For decades, the growing speed gap between processors and main memories has given rise to inefficiency in computing systems. In order to prevent the performance loss caused by the inefficiency, many architectural techniques such as cache, out-of-order, and prefetch have been employed. These techniques have played a role for a long time. However, with the advent of multi-core era, the effectiveness of the technologies have decreased, making multi-core systems undergo serious inefficiency in terms of memory accesses. This is because co-running programs in a processor can break memory-access locality which is a fundamental rationale of the traditional technologies. For this reason, main memory systems themselves became crucial to multi-core computations. The inefficiency caused by main memory systems cannot be covered by other techniques anymore. Hence, we decided to focus on improving main memory systems, which is the subject of this dissertation.

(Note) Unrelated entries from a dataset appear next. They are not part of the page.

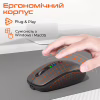 Мишка Meetion BTM100R Wireless/Bluetooth Black (MT-BTM100R-A) - Image 6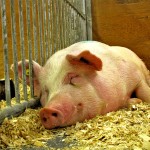 Random image: pig-1024
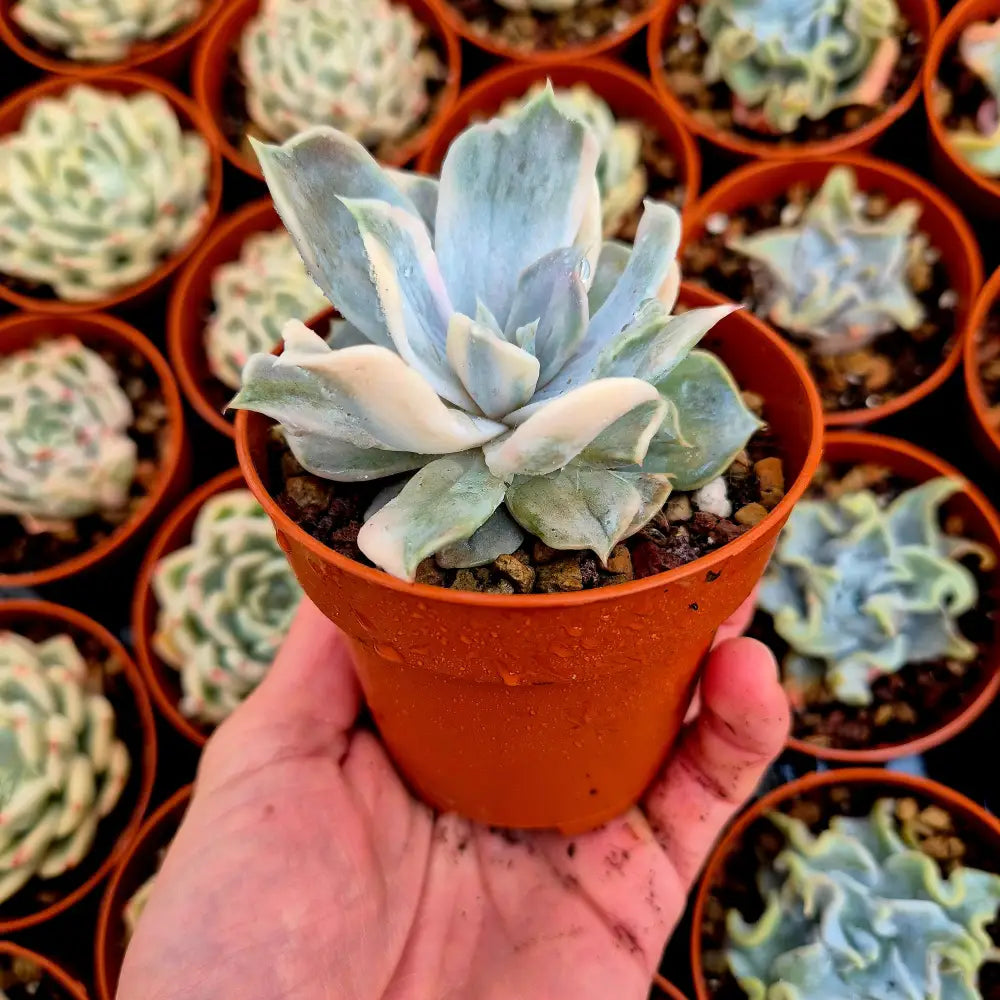 Echeveria lilacina variegada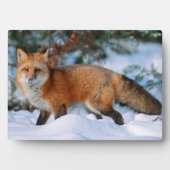 Red Fox | Schnee im Winter, Montana Fotoplatte (Vorderseite)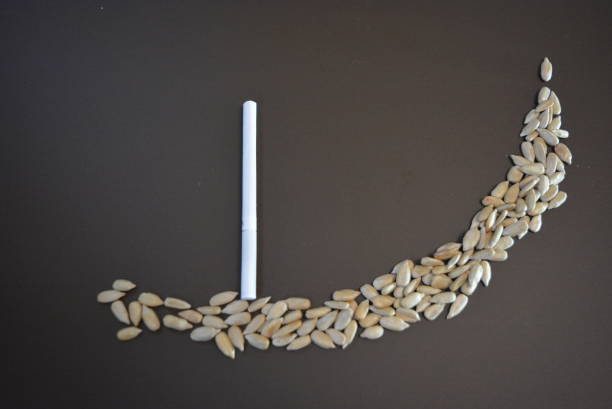 istock White thin cigarette xs with sunflower seeds on a matte brown background. 1146037522
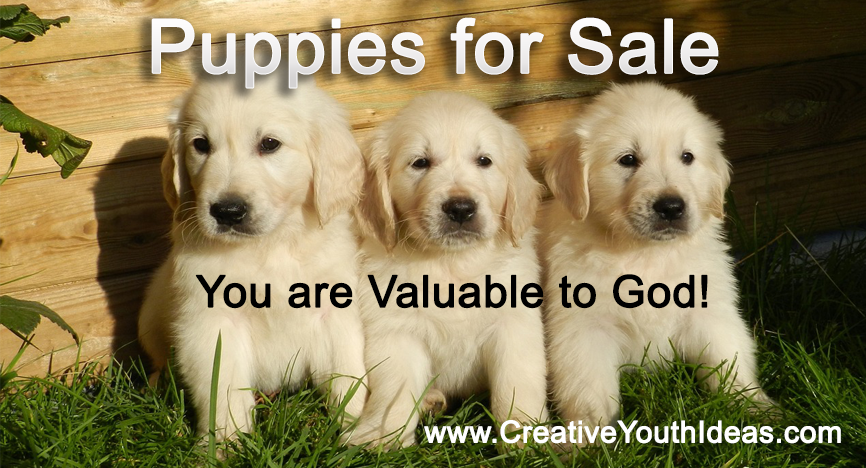 Puppies for Sale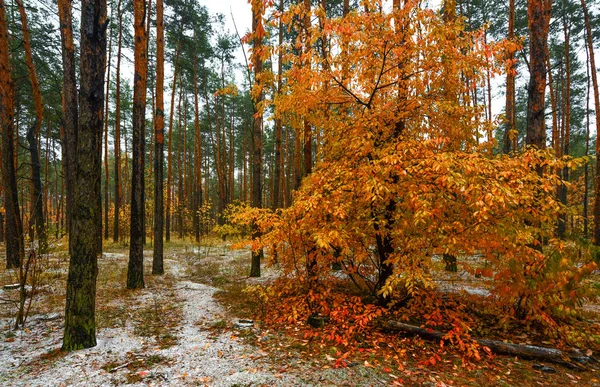 Promenad Skogen Höst Första Snön Höstens Färger Kallt — Stockfoto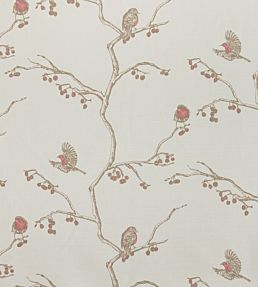 English Robin Fabric by Barneby Gates Parchment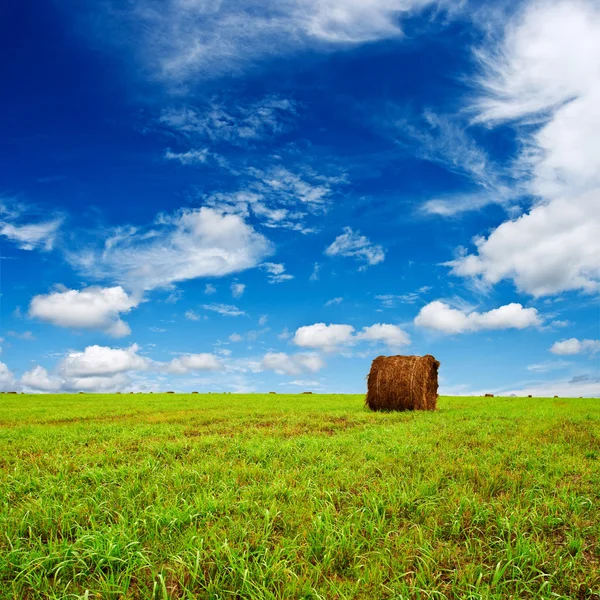 Zielone pole z siana — Zdjęcie stockowe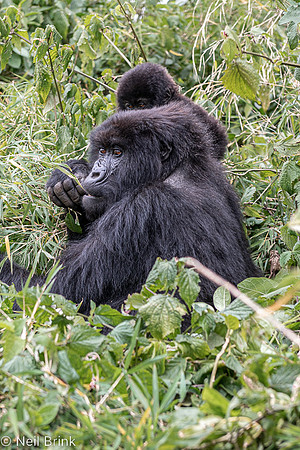 First Mountain gorilla sighting - Amahoro family 17 members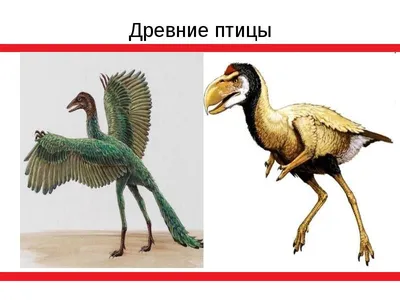 Самые древние виды птиц | Мир Животных | Дзен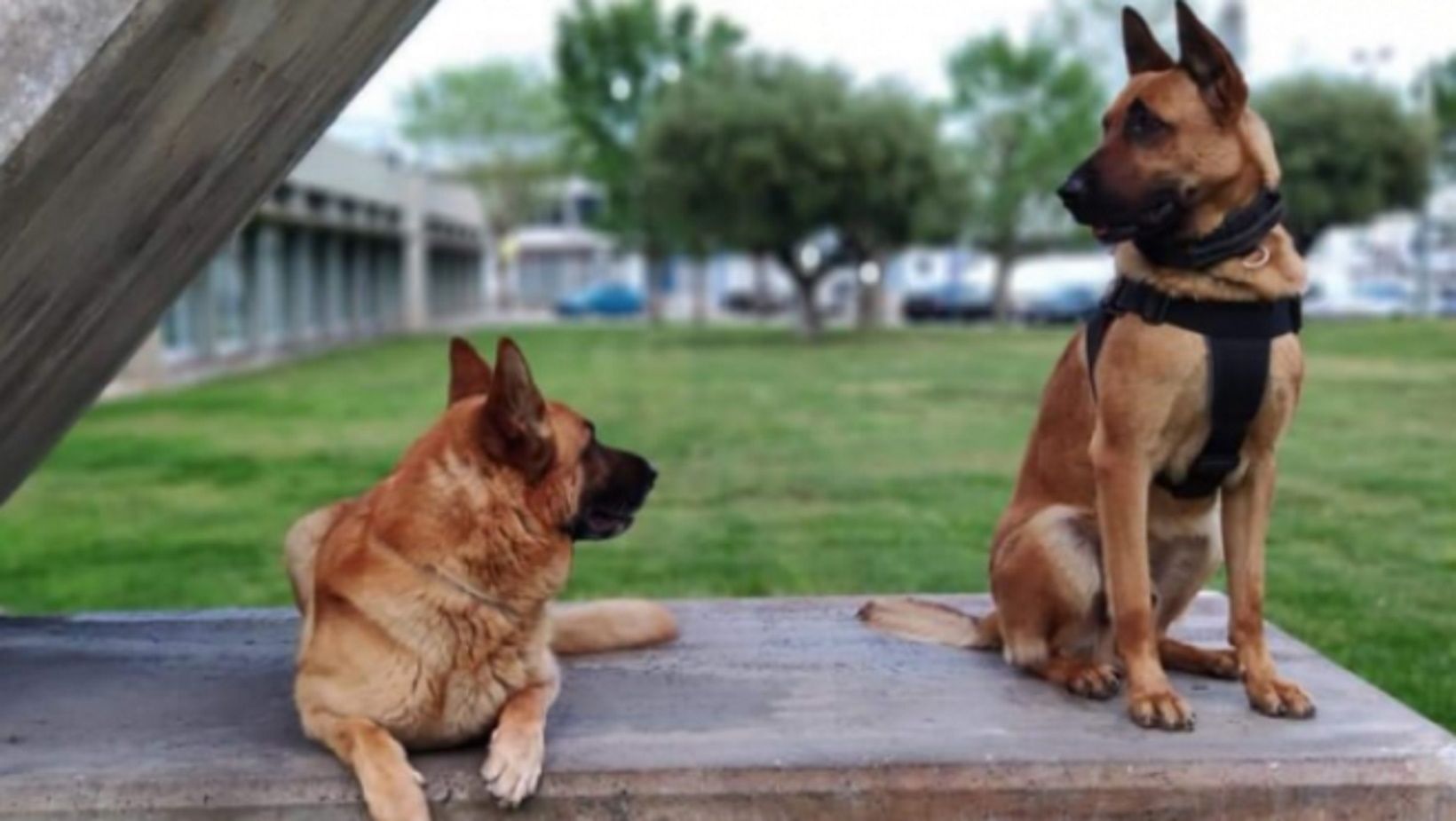 Mueren Vic y Tom, dos perros de la unidad canina de la Guardia Urbana de Barcelona / CC.OO.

A main memory system consists of memory controllers and DRAMs. A processor sends memory requests to memory controllers, and then an appropriate command sequence is created by the memory controllers. The generated commands are issued to DRAMs sequentially, and the DRAMs operate according to the commands, finally to transfer the requested data to the processor. Usually, the performance of main memory systems depends on the command sequence and the data transfer rate. In other words, main memory systems have been developed by improving the command scheduling method and the interface bandwidth. However, the effectiveness of these conventional methodologies have declined because of the long DRAM access latency.
Ideally, DRAM latency can be hidden by command scheduling, but in reality it is impossible to hide all DRAM latencies due to program's diversity and system's complexity. If schedulers fail to hide DRAM access latency, the effective bandwidth decreases, resulting in performance degradation. However, for 20 years, DRAM latency has been decreased only by 20\% while bandwidth has been grown by 20 times, which implies that DRAM latency has been more and more critical as time goes on. In fact, current main memory systems severely suffer from the long DRAM latency. The tardy progress concerning DRAM latency is mainly due to DRAM manufacturing cost. To reduce DRAM latency, the manufacturing cost must escalate.That is, the cost burden makes DRAM vendors hesitate to provide low latency. That's why we set our goal as building a new main memory system which has a low-latency but not incurring cost-impact on DRAM implementation.
In general, there are two approaches to relieve the impact of the long DRAM latency: 1) reducing DRAM latency itself and 2) increasing DRAM access parallelism. For each approach, we figured out several ideas, which are briefly explained below.
1) Reducing DRAM latency itself. DRAM latency is determined by the speed of a DRAM-internal circuitry. The core of the circuitry is sense-amplifiers, the role of which is to distinguish between '0' and '1'. Specifically, a sense-amplifier is able to sense the charge stored in a cell. We observed that the sensing speed depends on the amount of charge stored in the cell, and the amount of charge changes periodically with refreshes. As a result, the sensing speed varies periodically according to the refresh timing. We exploit this observation to design a non-uniform access time memory controller (NUAT).
2) Increasing DRAM access parallelism. DRAM is hierarchically organized: Channel - Rank - BankGroup - Bank. A channel is connected to multiple ranks, and each rank has multiple bank-groups, and each bank-group has multiple banks. This hierarchical structure facilitates creating parallelism in DRAM. However, the current DRAM architecture only supports bank-level parallelism. We leverage the other hierarchies to create new parallelisms in DRAM. Particularly, we propose bank-group level parallelism (BGLP) and rank-level parallelism (RLP).
To sum up, we exploit already implemented circuits and structures in DRAM. For this reason, the proposed architectural techniques are cost-effective and dovetails with the existing implementation skills, which is a great advantage when it comes to DRAM. In this dissertation, we also exhibit the quantitative benefit of our proposals through cycle-accurate system simulations to prove architectural usefulness. In addition, many analyses will follow so that we argue that the proposed work also has a merit in terms of other factors like energy and compatibility.